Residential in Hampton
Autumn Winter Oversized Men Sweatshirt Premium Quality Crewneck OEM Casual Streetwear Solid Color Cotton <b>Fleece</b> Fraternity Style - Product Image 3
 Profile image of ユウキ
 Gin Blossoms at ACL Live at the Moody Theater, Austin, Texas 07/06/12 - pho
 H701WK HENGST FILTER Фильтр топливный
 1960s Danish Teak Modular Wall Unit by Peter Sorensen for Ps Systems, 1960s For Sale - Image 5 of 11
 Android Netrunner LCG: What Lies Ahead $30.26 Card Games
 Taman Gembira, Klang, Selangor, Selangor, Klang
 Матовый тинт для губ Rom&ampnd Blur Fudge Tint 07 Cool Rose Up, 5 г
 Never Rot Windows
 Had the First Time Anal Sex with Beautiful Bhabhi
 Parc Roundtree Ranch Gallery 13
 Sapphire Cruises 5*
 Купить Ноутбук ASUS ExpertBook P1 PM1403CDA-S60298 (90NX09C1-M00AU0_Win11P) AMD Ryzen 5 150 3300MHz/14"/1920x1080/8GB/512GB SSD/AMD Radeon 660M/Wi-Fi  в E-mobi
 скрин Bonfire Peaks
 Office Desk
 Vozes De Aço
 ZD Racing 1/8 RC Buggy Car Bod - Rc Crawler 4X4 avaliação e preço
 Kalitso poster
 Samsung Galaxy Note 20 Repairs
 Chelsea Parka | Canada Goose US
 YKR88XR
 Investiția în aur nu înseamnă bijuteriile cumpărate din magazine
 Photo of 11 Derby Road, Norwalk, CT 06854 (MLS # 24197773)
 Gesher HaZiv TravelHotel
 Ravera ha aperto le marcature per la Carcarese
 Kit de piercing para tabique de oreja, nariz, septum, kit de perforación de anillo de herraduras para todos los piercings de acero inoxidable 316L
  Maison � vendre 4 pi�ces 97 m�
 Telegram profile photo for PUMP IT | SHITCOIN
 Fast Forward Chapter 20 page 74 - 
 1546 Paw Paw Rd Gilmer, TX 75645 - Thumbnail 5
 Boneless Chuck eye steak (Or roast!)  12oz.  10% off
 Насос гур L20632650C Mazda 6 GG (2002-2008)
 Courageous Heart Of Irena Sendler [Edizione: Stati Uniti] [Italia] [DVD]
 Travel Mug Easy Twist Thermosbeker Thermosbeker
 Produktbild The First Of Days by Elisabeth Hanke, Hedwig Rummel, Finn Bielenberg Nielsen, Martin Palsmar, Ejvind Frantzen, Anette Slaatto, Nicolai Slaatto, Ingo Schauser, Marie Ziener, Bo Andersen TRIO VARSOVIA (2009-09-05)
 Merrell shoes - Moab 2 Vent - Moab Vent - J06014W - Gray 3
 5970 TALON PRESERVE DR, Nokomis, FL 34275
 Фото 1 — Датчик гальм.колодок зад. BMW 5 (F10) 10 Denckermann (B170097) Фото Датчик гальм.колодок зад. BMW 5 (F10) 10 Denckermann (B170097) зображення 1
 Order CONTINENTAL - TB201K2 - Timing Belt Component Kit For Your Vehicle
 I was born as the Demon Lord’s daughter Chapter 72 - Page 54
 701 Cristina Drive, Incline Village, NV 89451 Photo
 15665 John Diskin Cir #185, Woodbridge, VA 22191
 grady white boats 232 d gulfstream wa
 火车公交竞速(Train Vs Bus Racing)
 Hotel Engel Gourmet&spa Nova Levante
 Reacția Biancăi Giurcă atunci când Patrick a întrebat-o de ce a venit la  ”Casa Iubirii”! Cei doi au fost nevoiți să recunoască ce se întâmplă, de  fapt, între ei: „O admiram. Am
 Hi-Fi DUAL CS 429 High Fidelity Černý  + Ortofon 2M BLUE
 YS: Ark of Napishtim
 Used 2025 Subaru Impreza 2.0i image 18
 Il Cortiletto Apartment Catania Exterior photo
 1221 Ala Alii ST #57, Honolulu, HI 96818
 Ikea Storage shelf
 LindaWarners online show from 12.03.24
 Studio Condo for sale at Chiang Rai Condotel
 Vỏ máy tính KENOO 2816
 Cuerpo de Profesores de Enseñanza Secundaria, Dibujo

◆ ◆ ◆ ◆

## Work required
Please give the count of lines in the listing that include the string "First", with no words around it.

## Response area
2